Ijtihad ulama yang lain juga dijelaskan Kang Said yakni kodifikasi Al Quran. Ia menuturkan zaman Rasulullah Muhammad SAW, Al-Quran tidak bertitik, tidak berharakat dan berserakan. Kemudian, Ditambahkan Ketum PBNU muncul ulama bernama Imam Abul Aswad Ad-Duali melakukan upaya penyempurnaan kalimat-kalimat dalam Al-Quran soal harakat.

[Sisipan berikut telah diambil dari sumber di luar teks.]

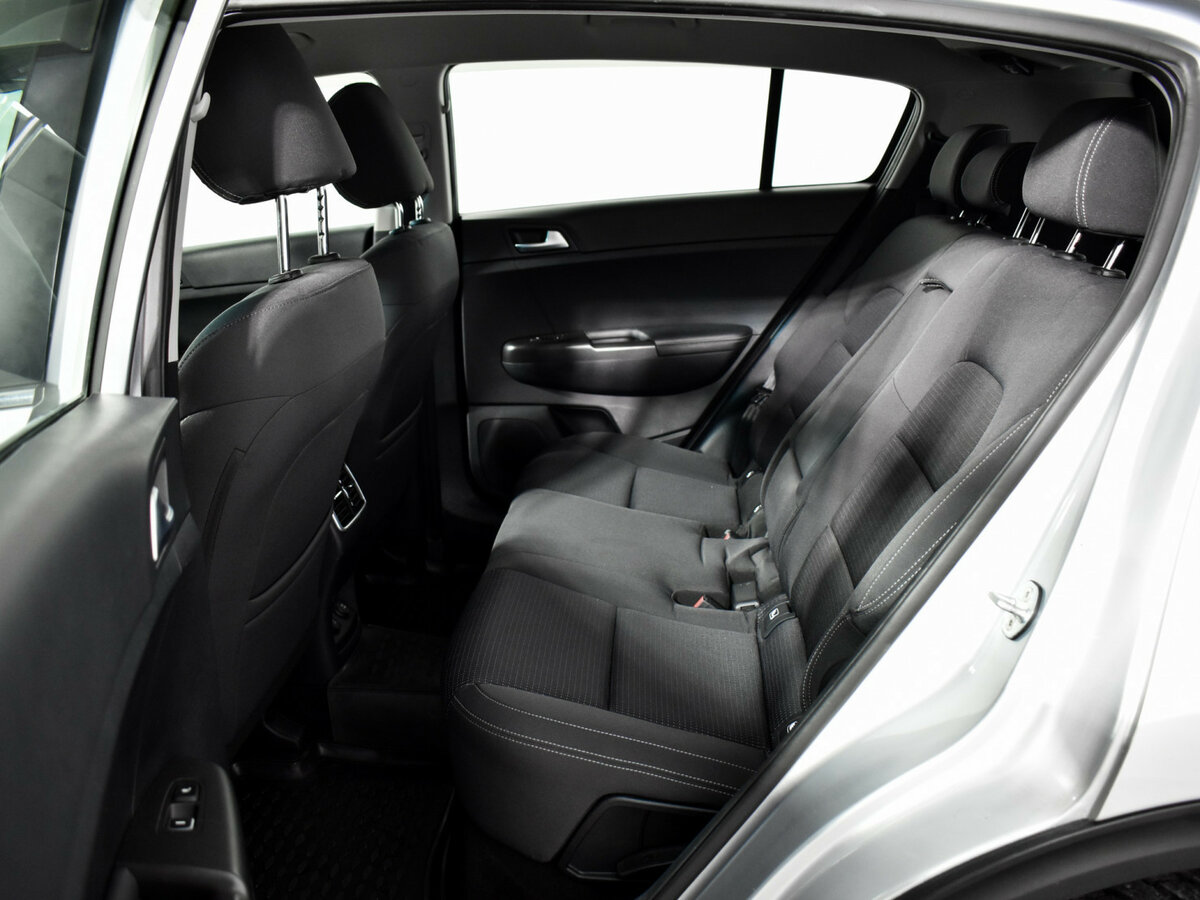 Б/У Киа Спортейдж 2017 года. Фото: #10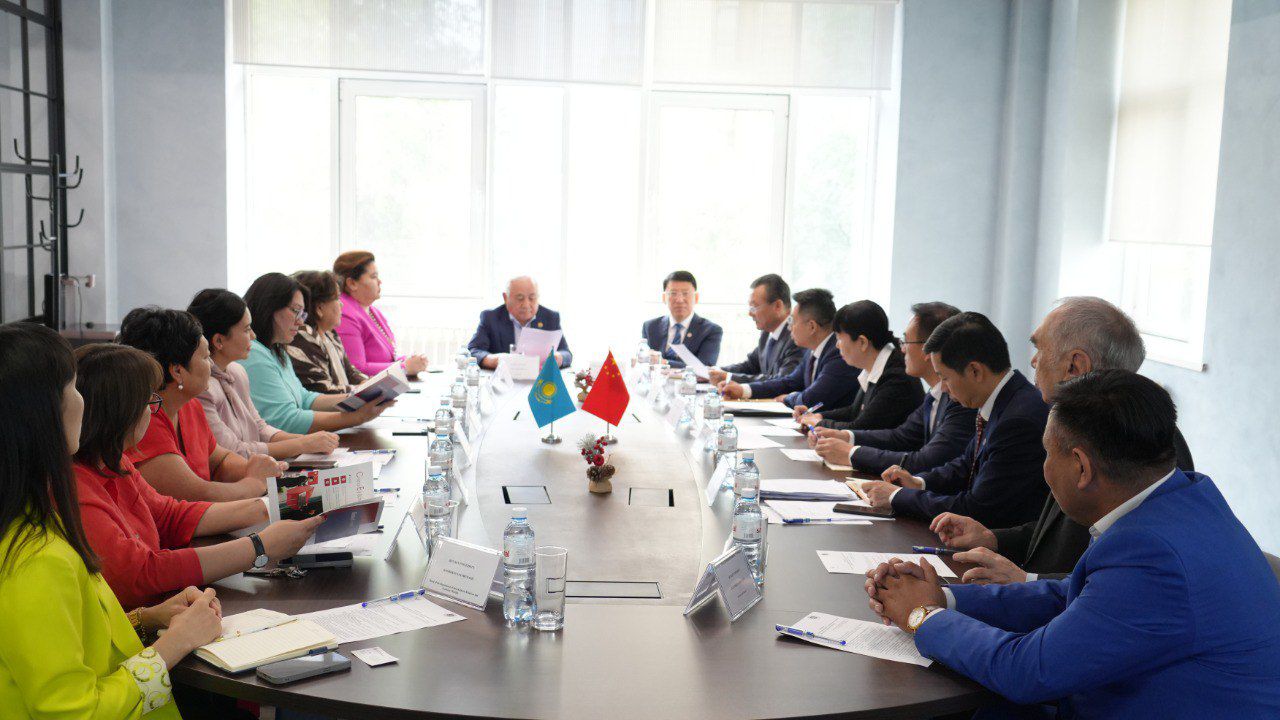 Visit of the Delegation from China University of Political Science and Law to Kunaev University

“Kho, titik satu di atas. Jim, titik satu di bawah. Ha, non titik. Sudah ada titiknya, namun masih banyak orang salah membacanya. Datang kemudian Imam Kholil bin Ahmad Al-Farohidi meletakkan nuqoth ‘alal huruf (bubuhkan titik),” kata Kang Said.
Tidak berhenti disitu, Kang Said mengatakan meski sudah ada titik dan harakat, tapi banyak orang yang masih sulit dalam Al-Quran. Maka, Ia menambahkan Imam Abu Ubai Qasim bin Salam menyusun ilmu tajwidi qiroatil quran. Artinya, ia melanjutkan belajar ilmu agama kepada ulama yang mempunyai sanad keilmuan yang menyambung kepada rasulullah.
“Jadi semua ilmu itu bid’ah, karena bukan ajaran Nabi, bukan ajaran sahabat tapi kreativitas ulama. Tapi, kalau baca Al-Quran tidak menyesuaikan dengan kaidah dalam ilmu tajwid, maka tidaklah benar,” tegas ulama asal Cirebon ini.